Neilson, handsome, fit and dark-featured, has been up since 5:30 a.m. On a usual weekday, in the early morning hours, he can be spotted paddling on his surfboard in the ocean near his Pacific Palisades home, and then making lunch for his seven- and four-year-old daughters.
“I was lucky to have married Maggie. She and I have a similar set of values,” he says, pointing out that they both grew up in the Seattle area. Maggie was a technology executive at Amazon.com before becoming CEO and co-founder of Global Philanthropy. Since 2007, they have built an increasingly influential roster of clients comprised mostly of high-net-worth individuals, including Howard Buffett, son of Warren, and companies such as Bulgari and Kiehl’s. Celebrities, while attracting the bulk of the press coverage, make up just a quarter of the enterprise.
Even so, this husband-and-wife team has devised strategies for many famous faces, including Demi Moore, Ben Stiller and Tory Burch. And these campaigns can take on many forms, with some celebrities, most of whom typically hear about GPG through word of mouth, approaching the Neilsons with ideas already in mind; at other times they are given a blank slate from which to craft an initial strategy. The process can take months, but regardless of the plan, Global Philanthropy researches the issues, performs due diligence about the charities and provides analytic tools to measure the actual impact made.

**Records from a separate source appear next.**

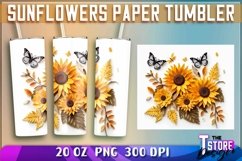 Sunflowers Paper Tumblers Bundle|Sunflower 20 oz PNG v.1 Product Image 2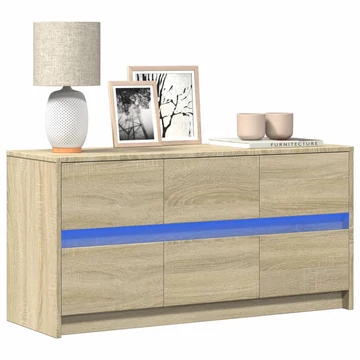 Sonoma tölgy színű szerelt fa LED-es TV-szekrény 100x34x50 cm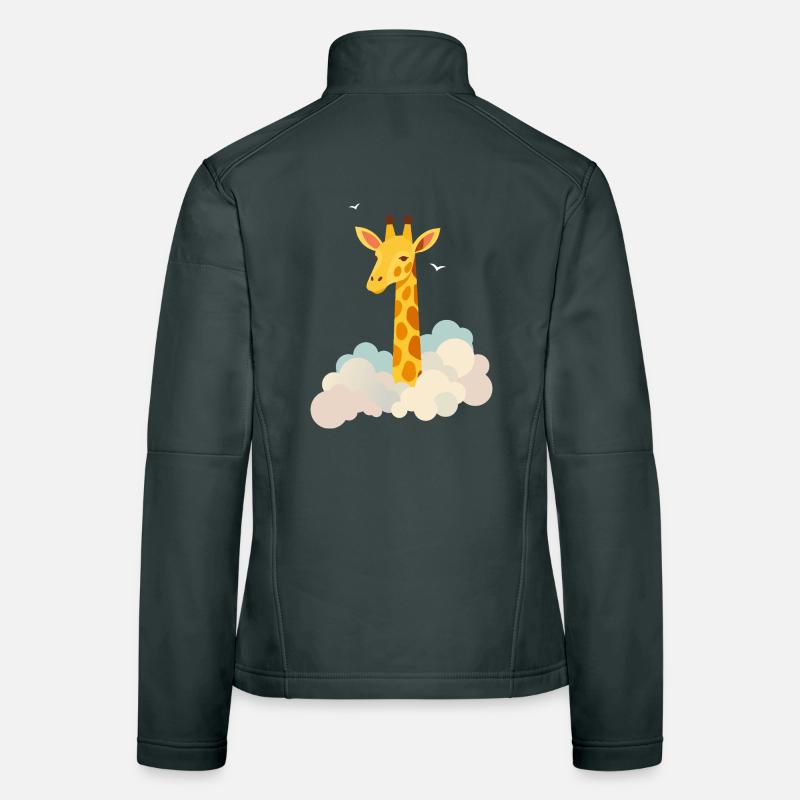 Douce girafe au-dessus des nuages – Motif onirique Veste en tissu softshell Femme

The Neilsons have learned from their clients as well. “Shakira is crazy smart,” Maggie says. “She’s able to assess an education issue from a macro level to knowing the names of the kids in the schools she funds.”
Similarly, longtime client John Legend often does his own research about domestic educational reform. “He’ll give us very insightful notes or recommendations,” she says. “Also, celebrities particularly will not do something that’s not authentic to them. Every day celebs will turn down some of our ideas because they’ll say, ‘It’s just not me.’” “Maggie has been the person who has taken the big idea and turned them into a successful business,” Trevor says.
Indeed, as more eyes are on Global Philanthropy, Trevor Neilson has inadvertently become the face of the company. “I think it may be because I’m more vocal at meetings and conferences,” he speculates. But it’s not a role he’s necessarily comfortable with, or one he envisioned when he was growing up in Seattle. “There’s nothing flashy about Seattle and especially South Seattle, where I grew up,” he says. “It was before the technology boom, and it was a place of middle-class families who cared about their communities. It grounded me, and that has been very helpful for me in working with a diverse group of people, whether they may be philanthropists, billionaires, celebrities or government leaders.”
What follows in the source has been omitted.